━━━━━ Input ━━━━━
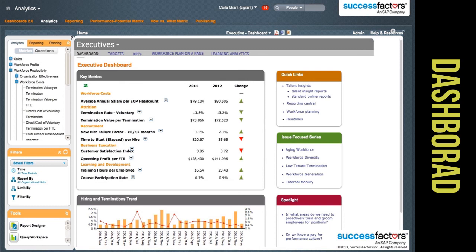Notice how the dashboard here provides summarized graphical and tabular information for the executive, which they will use to make HR and employee decisions.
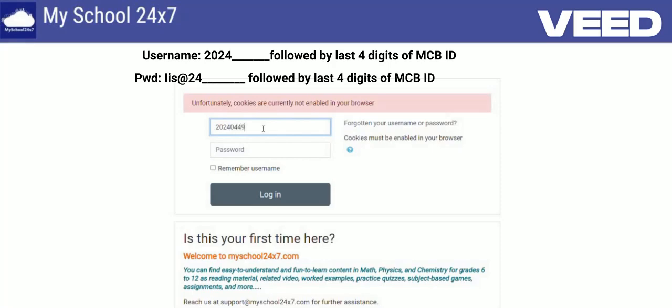So let me login with one of the examples. Going to the password also, as mentioned in the message, the password also looks like a MCBID, where you have to replace the first two digits with 'Ii' — capital I, small i — with '24', at the rate symbol also. Let me show you how to do that with one example.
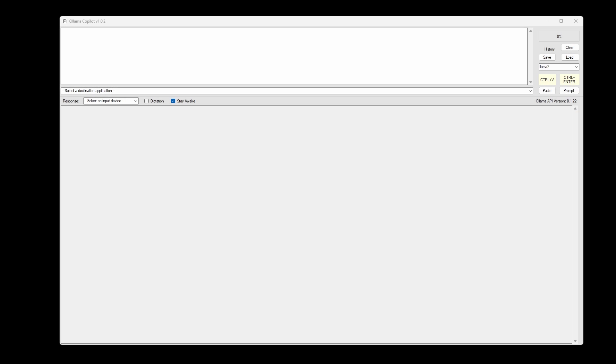The Alama Copilot version 1.0.2 update integrates with two new libraries. First library is in-audio, and the second library is the Whisper AI model.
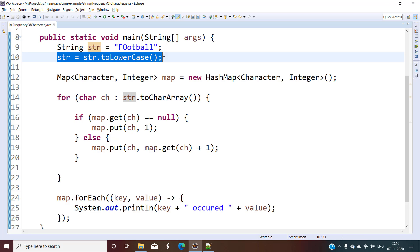So this is how you can count how many times a particular character is present in the given string. If you liked the video, please subscribe to the channel, hit the notification bell, like the video, comment in the comment section, and share with your friends. We'll see you in the next video — till then, happy learning and happy coding.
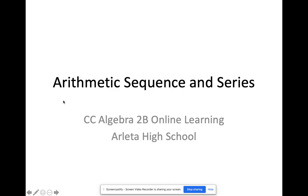Hello, everyone. Today we're going to discuss arithmetic sequences and series.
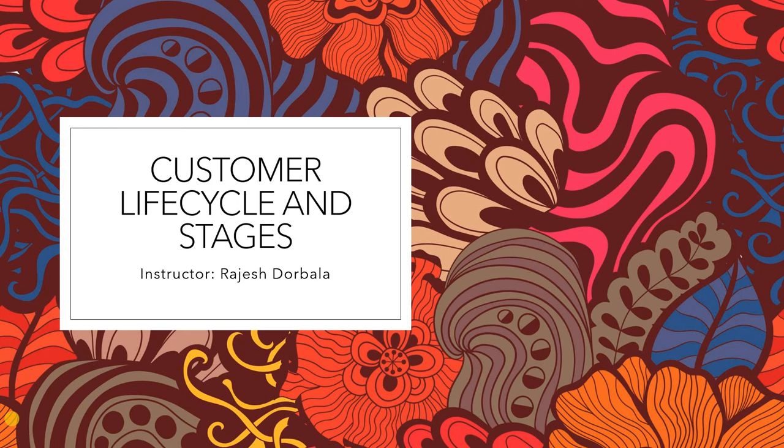Hello, friends. Hope you are doing well. In this session, we are going to discuss the customer lifecycle and stages.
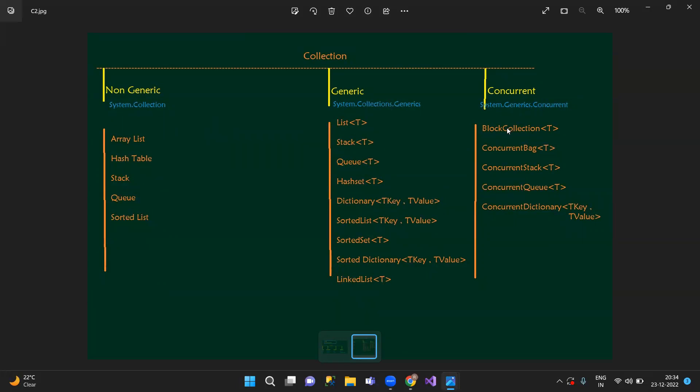Concurrent collections include: BlockingCollection, ConcurrentBag, ConcurrentStack, ConcurrentQueue, and ConcurrentDictionary. So overall, collections have three types: non-generic, generic, and concurrent. Non-generics use System.Collections; generics use System.Collections.Generics; concurrent use System.Collections.Concurrent. Non-generics include ArrayList, HashTable, Stack, Queue, and SortedList.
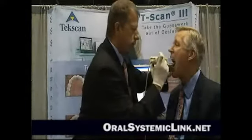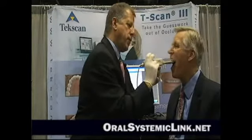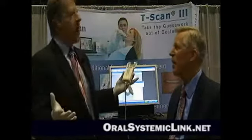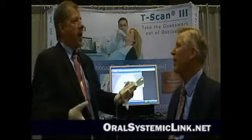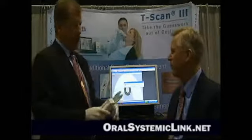Just insert it. When I tell you to, just bite down and close. Bite down. Open. Thank you. We can also do that in CR or something with bimanual manipulation if we wanted.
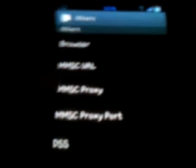Once you're done, back out and go to MMSC proxy. For the proxy, edit it - delete everything in that field and type in 205.239.233. After you type that in, back out and go to MMSC proxy port. Change the proxy port number to 81.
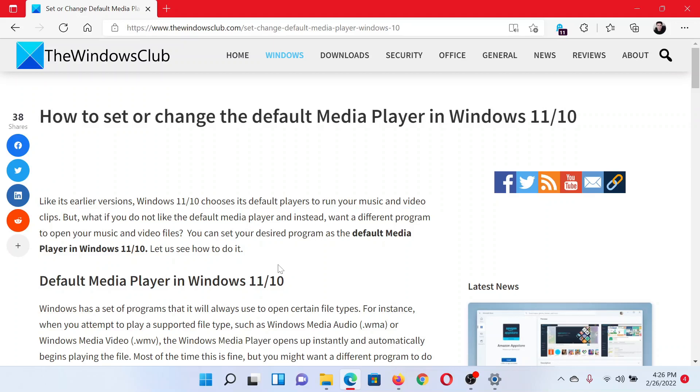Do not forget to subscribe to the channel. Thank you for watching this video and have a nice day.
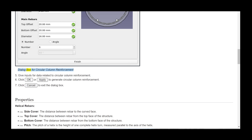The dialog box for circular column reinforcement will appear. Step 5 — give inputs for data related to circular column reinforcement. Step 6 — click OK or Apply to generate circular column reinforcement. Step 7 — click Cancel to exit the dialog box.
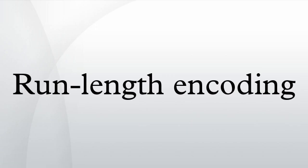can be rendered as follows: 12W1B12W3B24W1B14W.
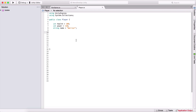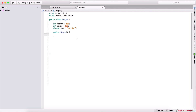In order to create an object, we need to have a constructor. A constructor is the same thing as a function, except that we use the name of the class. The difference between a constructor and a function is we don't use void or any other return type, because a constructor does not return anything. We just use it to initialize our variables.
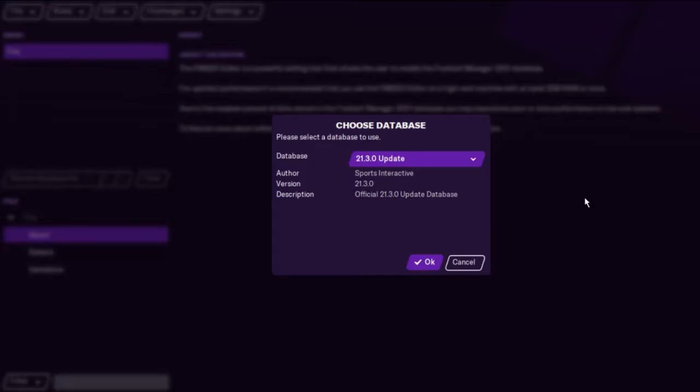Hi guys, this is Rampant FM and today I'm going to show you how to use the winter update that's just been released through the editor.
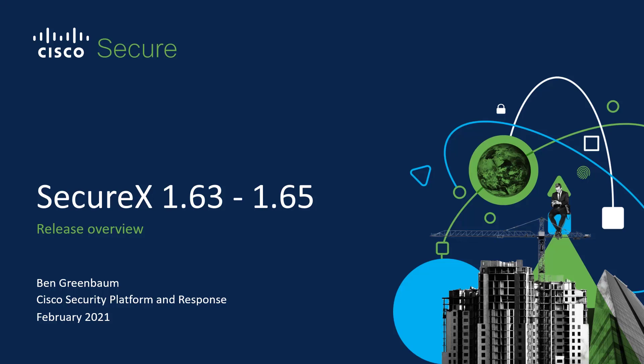Hello and welcome. In this video we're going to be covering new and updated features in SecureX in December of 2020, January, and the first few days of February of 2021. This covers releases 1.63 to 1.65. My name is Ben Greenbaum and let's have a look at exactly what we'll be talking about today.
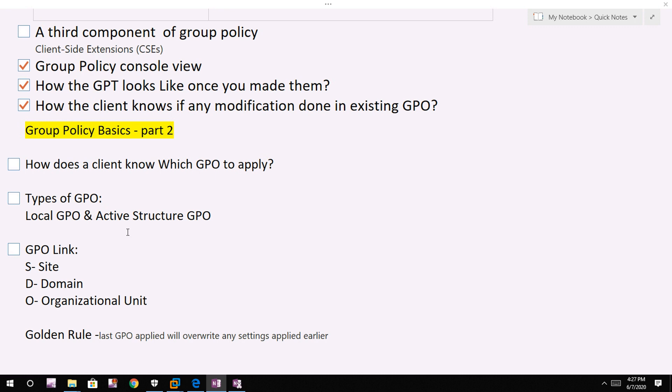And there are GPOs linked with Active Directory structure itself. While the client knows that it needs to process its local GPO, it's not clear which GPO in the directory structure applies to it.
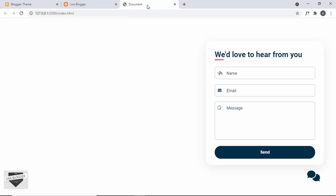Hi everybody, welcome to Live Blogger. In this video I'll show you how to add a floating contact form to your Blogger website. I've shown you how to design this from scratch using HTML, CSS and JavaScript in my previous videos, so you can go ahead and check that out. I'll leave the link in the description of this video.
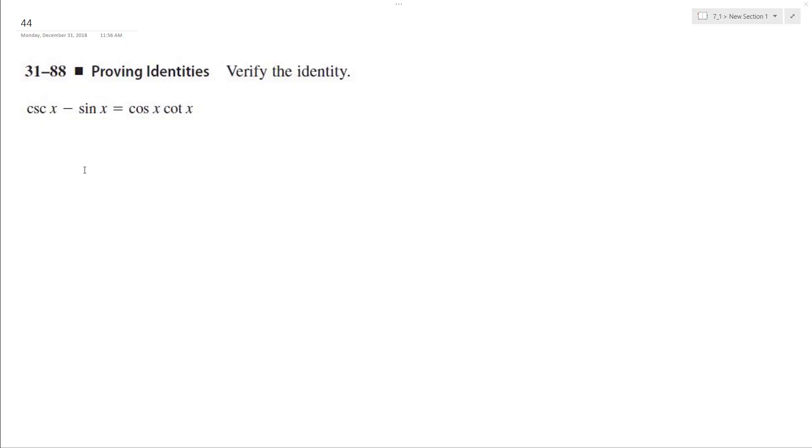Let's go ahead and prove the trig identity that the left side equals the right side. So starting off, I'm going to rewrite everything in simplest form.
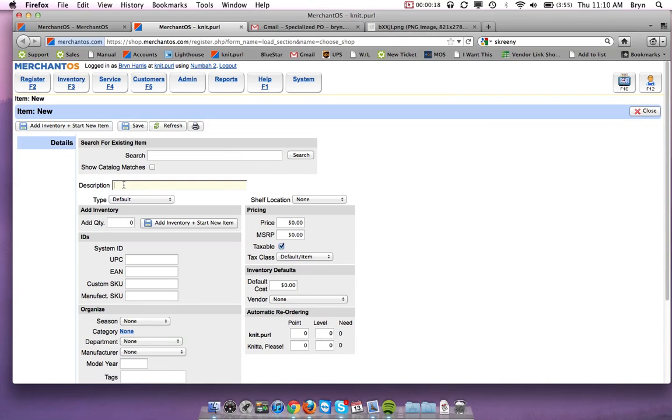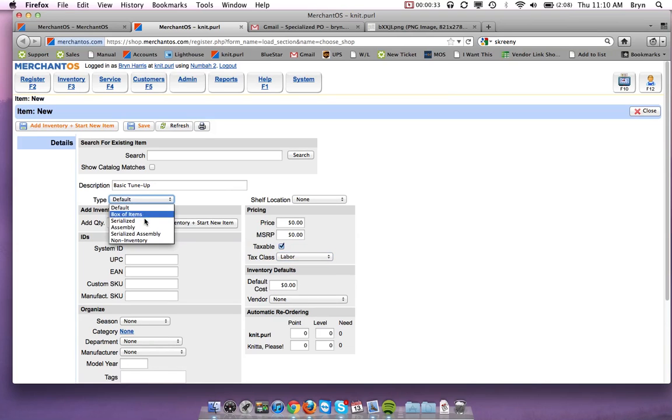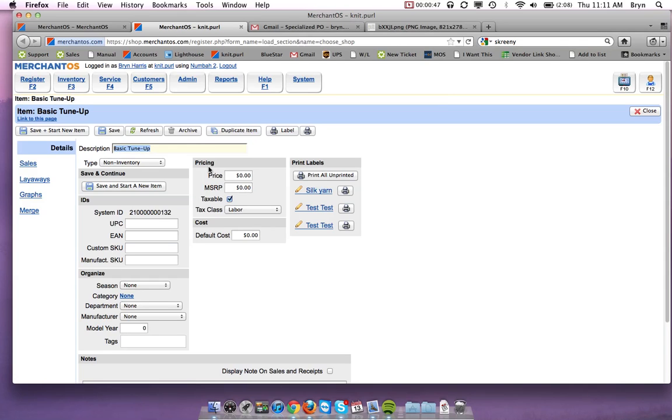We'll give it a description, so for a labor item we'll do a basic tune-up. You want to change the tax class to labor and the inventory type to non-inventory, and then save that. You want to fill in any of the other fields you need. That is how you make a labor item. Now you can add that to a work order under the labor section.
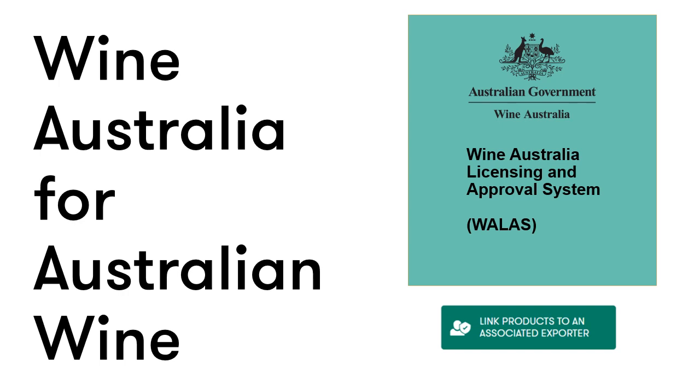Welcome to the link a product to an associated exporter training module. This module will show you how to link a product to an associated exporter in Wallace. The functionality allows exporters greater control over the labels and quantities of a product that an associated exporter is able to export.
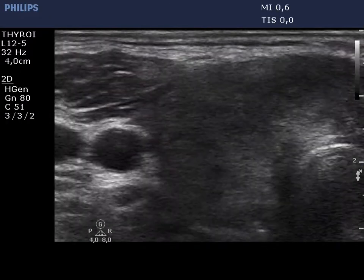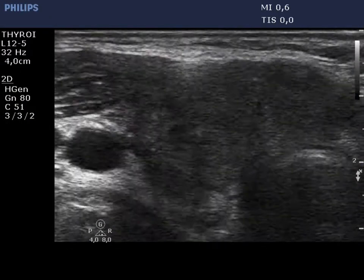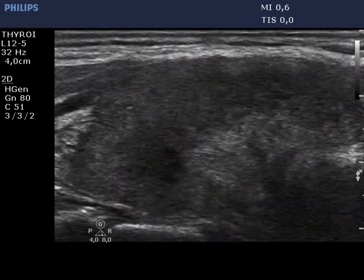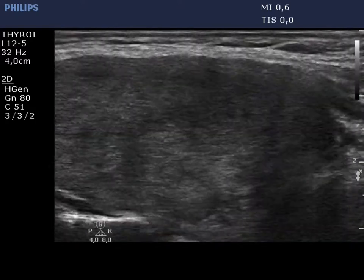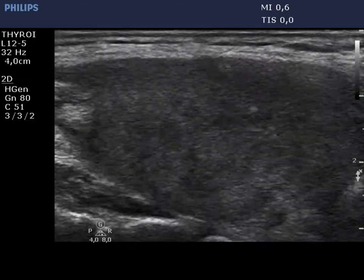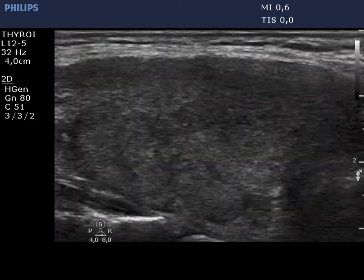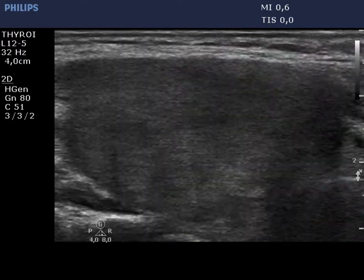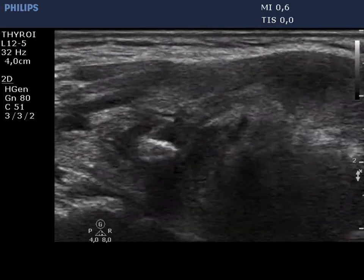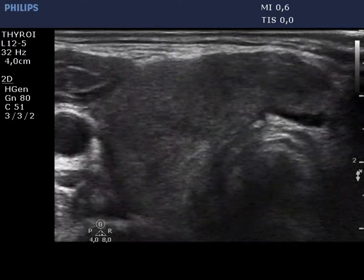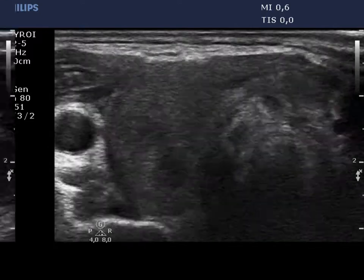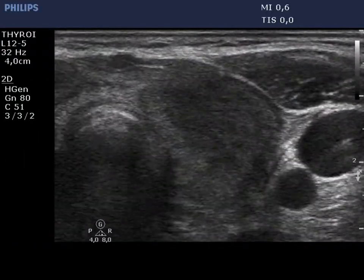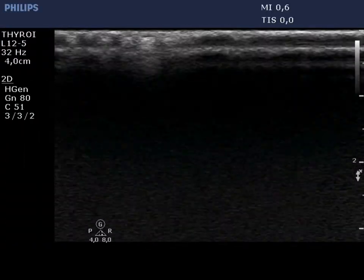The thyroid is enlarged. Both lobes are minimally hypoechoic, inhomogeneous with several more hypoechoic areas. The borders between the areas with different echo patterns are blurred. The pattern is similar in the left lobe.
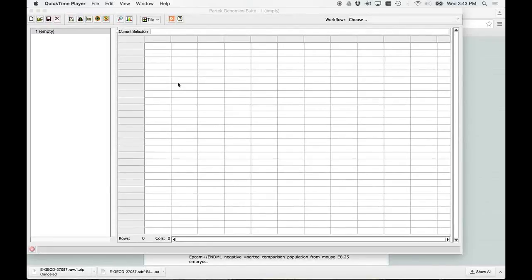Okay, so now we've opened PARTEC. What I'm going to show you, and we talked about the data set that we're going to analyze, the stem cell data set.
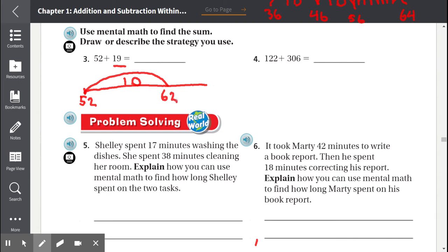Let's see if we can do another jump of 10. We have 10 so far. If we do another jump of 10, that'll be a total of 20, and 20 is too much because we cannot pass 19. So now we have to start counting by ones.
━━━━━
Write the entries above out in full, exactly, with no images.

Notice how the dashboard here provides summarized graphical and tabular information for the executive, which they will use to make HR and employee decisions.
So let me login with one of the examples. Going to the password also, as mentioned in the message, the password also looks like a MCBID, where you have to replace the first two digits with 'Ii' — capital I, small i — with '24', at the rate symbol also. Let me show you how to do that with one example.
The Alama Copilot version 1.0.2 update integrates with two new libraries. First library is in-audio, and the second library is the Whisper AI model.
So this is how you can count how many times a particular character is present in the given string. If you liked the video, please subscribe to the channel, hit the notification bell, like the video, comment in the comment section, and share with your friends. We'll see you in the next video — till then, happy learning and happy coding.
Hello, everyone. Today we're going to discuss arithmetic sequences and series.
Hello, friends. Hope you are doing well. In this session, we are going to discuss the customer lifecycle and stages.
Concurrent collections include: BlockingCollection, ConcurrentBag, ConcurrentStack, ConcurrentQueue, and ConcurrentDictionary. So overall, collections have three types: non-generic, generic, and concurrent. Non-generics use System.Collections; generics use System.Collections.Generics; concurrent use System.Collections.Concurrent. Non-generics include ArrayList, HashTable, Stack, Queue, and SortedList.
Just insert it. When I tell you to, just bite down and close. Bite down. Open. Thank you. We can also do that in CR or something with bimanual manipulation if we wanted.
Once you're done, back out and go to MMSC proxy. For the proxy, edit it - delete everything in that field and type in 205.239.233. After you type that in, back out and go to MMSC proxy port. Change the proxy port number to 81.
Do not forget to subscribe to the channel. Thank you for watching this video and have a nice day.
The dialog box for circular column reinforcement will appear. Step 5 — give inputs for data related to circular column reinforcement. Step 6 — click OK or Apply to generate circular column reinforcement. Step 7 — click Cancel to exit the dialog box.
can be rendered as follows: 12W1B12W3B24W1B14W.
In order to create an object, we need to have a constructor. A constructor is the same thing as a function, except that we use the name of the class. The difference between a constructor and a function is we don't use void or any other return type, because a constructor does not return anything. We just use it to initialize our variables.
Hi guys, this is Rampant FM and today I'm going to show you how to use the winter update that's just been released through the editor.
Hello and welcome. In this video we're going to be covering new and updated features in SecureX in December of 2020, January, and the first few days of February of 2021. This covers releases 1.63 to 1.65. My name is Ben Greenbaum and let's have a look at exactly what we'll be talking about today.
And there are GPOs linked with Active Directory structure itself. While the client knows that it needs to process its local GPO, it's not clear which GPO in the directory structure applies to it.
Hi everybody, welcome to Live Blogger. In this video I'll show you how to add a floating contact form to your Blogger website. I've shown you how to design this from scratch using HTML, CSS and JavaScript in my previous videos, so you can go ahead and check that out. I'll leave the link in the description of this video.
Let's go ahead and prove the trig identity that the left side equals the right side. So starting off, I'm going to rewrite everything in simplest form.
We'll give it a description, so for a labor item we'll do a basic tune-up. You want to change the tax class to labor and the inventory type to non-inventory, and then save that. You want to fill in any of the other fields you need. That is how you make a labor item. Now you can add that to a work order under the labor section.
Welcome to the link a product to an associated exporter training module. This module will show you how to link a product to an associated exporter in Wallace. The functionality allows exporters greater control over the labels and quantities of a product that an associated exporter is able to export.
The thyroid is enlarged. Both lobes are minimally hypoechoic, inhomogeneous with several more hypoechoic areas. The borders between the areas with different echo patterns are blurred. The pattern is similar in the left lobe.
Okay, so now we've opened PARTEC. What I'm going to show you, and we talked about the data set that we're going to analyze, the stem cell data set.
Let's see if we can do another jump of 10. We have 10 so far. If we do another jump of 10, that'll be a total of 20, and 20 is too much because we cannot pass 19. So now we have to start counting by ones.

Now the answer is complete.